The Chicago Bears currently control the #3 overall pick in the upcoming 2023 NFL draft. It isn’t yet clear if that will stay true. There are still six games left to play. However, with a banged-up quarterback, a thin roster, and a tough remaining schedule, it’s difficult not to envision them staying in the top five. This has led to tons of speculation and theories about which direction GM Ryan Poles decides to go. There is no shortage of potential options that will be available. They could add a desperately needed pass rusher like Will Anderson, a three-technique defensive tackle like Jalen Carter, or they might target a top offensive prospect to help Justin Fields. Longtime ESPN draft analyst Mel Kiper Jr. had an opinion on that.
He spoke to Mark Potash of the Chicago Sun-Times about what the Bears might do at #3 overall. He made one thing clear from the start. Don’t expect them to target an offensive prospect. In his estimation, there isn’t a player on that side of the ball in this class worthy of going that high. That means one of two things will happen. Either they’ll take the best defensive player on their board or trade down with a team seeking a quarterback.
“Trading down and letting somebody get that third quarterback is always [a possibility] — you can get a lot in return,” Kiper said. “You’re not going to get a receiver there. There’s no offensive lineman to take at [No. 3]. There’s nobody on the offensive side of the ball to take at 3 other than a quarterback.”
“There’s no top-10 receiver right now,” Kiper said. “Maybe Jordan Addison at USC. Maybe Quentin Johnston at TCU. Josh Downs at North Carolina. Jaxon Smith-Njigba [of Ohio State] would have been in the top 10, but he’s been hurt. The guy I really like is Zay Flowers from Boston College.
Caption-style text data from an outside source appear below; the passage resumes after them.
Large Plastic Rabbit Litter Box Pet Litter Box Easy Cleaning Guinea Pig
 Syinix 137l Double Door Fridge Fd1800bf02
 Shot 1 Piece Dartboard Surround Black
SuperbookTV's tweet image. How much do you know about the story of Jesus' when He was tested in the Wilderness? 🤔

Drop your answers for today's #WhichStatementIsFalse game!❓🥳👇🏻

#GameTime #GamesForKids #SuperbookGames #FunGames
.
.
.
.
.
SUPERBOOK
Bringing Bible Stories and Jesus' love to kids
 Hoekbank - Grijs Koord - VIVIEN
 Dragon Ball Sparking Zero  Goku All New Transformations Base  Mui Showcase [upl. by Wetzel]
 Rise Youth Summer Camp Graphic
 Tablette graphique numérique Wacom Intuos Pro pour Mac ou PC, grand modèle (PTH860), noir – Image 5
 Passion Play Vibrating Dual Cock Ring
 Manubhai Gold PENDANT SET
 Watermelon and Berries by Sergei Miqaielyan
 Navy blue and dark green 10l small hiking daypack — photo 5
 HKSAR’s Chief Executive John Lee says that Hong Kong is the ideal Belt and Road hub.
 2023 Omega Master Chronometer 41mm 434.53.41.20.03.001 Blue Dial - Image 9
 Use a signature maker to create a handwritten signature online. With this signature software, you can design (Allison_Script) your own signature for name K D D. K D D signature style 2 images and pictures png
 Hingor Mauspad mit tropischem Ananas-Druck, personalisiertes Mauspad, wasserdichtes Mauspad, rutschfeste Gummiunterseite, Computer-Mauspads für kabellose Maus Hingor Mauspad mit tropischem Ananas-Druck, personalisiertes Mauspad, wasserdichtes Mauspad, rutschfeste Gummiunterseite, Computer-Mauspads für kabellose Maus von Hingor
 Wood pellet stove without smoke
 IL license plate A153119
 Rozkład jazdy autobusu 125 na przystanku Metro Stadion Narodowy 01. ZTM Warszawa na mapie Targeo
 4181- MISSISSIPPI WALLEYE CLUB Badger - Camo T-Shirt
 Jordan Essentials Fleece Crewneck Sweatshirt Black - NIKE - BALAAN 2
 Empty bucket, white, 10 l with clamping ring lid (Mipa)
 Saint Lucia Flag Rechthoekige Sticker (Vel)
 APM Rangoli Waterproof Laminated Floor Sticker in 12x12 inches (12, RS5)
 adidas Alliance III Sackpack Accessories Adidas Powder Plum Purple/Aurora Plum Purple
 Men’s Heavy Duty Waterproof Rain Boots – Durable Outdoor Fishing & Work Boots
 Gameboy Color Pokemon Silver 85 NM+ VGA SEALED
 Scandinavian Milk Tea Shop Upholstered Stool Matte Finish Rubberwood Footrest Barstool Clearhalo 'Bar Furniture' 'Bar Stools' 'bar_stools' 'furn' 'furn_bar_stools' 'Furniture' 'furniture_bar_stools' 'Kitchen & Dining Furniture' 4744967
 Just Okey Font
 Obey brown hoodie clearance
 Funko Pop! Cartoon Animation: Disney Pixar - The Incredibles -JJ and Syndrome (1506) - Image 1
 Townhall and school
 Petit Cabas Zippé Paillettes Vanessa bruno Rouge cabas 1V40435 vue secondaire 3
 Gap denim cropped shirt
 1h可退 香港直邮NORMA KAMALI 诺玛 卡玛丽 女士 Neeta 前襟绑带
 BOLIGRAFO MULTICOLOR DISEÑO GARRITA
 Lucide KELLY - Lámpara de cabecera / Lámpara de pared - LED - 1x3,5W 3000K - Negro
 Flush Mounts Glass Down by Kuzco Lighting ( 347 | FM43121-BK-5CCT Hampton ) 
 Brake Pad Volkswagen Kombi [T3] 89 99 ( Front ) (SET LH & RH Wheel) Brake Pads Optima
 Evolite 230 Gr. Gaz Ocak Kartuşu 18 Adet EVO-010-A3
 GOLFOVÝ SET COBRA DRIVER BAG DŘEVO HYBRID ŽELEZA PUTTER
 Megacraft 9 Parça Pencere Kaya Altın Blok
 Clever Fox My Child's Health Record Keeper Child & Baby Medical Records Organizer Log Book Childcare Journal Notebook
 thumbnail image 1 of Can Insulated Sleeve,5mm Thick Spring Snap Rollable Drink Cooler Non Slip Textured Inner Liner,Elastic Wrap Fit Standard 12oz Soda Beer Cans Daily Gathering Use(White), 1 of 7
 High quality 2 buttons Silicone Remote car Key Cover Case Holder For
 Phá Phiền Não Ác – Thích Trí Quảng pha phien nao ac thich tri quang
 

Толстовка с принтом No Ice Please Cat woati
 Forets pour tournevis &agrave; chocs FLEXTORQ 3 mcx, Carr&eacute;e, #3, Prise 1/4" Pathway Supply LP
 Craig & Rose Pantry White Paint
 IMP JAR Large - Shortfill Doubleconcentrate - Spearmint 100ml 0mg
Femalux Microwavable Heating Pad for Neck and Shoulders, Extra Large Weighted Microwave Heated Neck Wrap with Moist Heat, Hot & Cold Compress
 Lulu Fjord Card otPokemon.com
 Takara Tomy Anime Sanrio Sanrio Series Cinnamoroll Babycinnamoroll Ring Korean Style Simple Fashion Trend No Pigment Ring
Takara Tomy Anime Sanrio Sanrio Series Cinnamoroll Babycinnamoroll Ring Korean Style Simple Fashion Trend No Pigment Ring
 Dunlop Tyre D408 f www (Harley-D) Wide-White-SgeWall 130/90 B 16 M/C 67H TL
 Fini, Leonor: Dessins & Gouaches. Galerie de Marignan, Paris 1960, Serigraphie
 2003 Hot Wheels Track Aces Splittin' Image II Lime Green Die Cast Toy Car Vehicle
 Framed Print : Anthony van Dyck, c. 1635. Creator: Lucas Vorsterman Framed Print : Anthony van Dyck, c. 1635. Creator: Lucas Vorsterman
He’s the most underrated receiver in this draft.”
Mel Kiper has a pretty good feel for these things.
Last year in his final mock draft, he correctly predicted the position targets on seven of the first eight picks. He was right about Jacksonville and Detroit targeting defensive ends, the Jets seeking a corner, the Giants grabbing a defensive end and offensive tackle, the Panthers taking a tackle, and the Falcons taking a wide receiver. So when he says the likelihood is low that any non-QB offensive prospects will go in the top three, it’s a safe assumption he is probably correct. NFL teams are likely to see it the same way.
That makes what happens at #1 and #2 quite interesting for the Bears. If both end up being quarterbacks, Poles will have his choice of the best defensive player on his board. Chicago’s defense desperately needs a talent infusion, especially up front. However, if one of those defenders goes in either of those first two spots, the Bears would become a premium trade destination for a team seeking a top quarterback. Mel Kiper is correct. It appears to be a strong spot for a team to be in.
Maybe something changes in the next few months, and a top offensive prospect turns heads during the pre-draft process at the Senior Bowl or scouting combine. As things stand, it looks like defense or trade if the Bears stay at #3.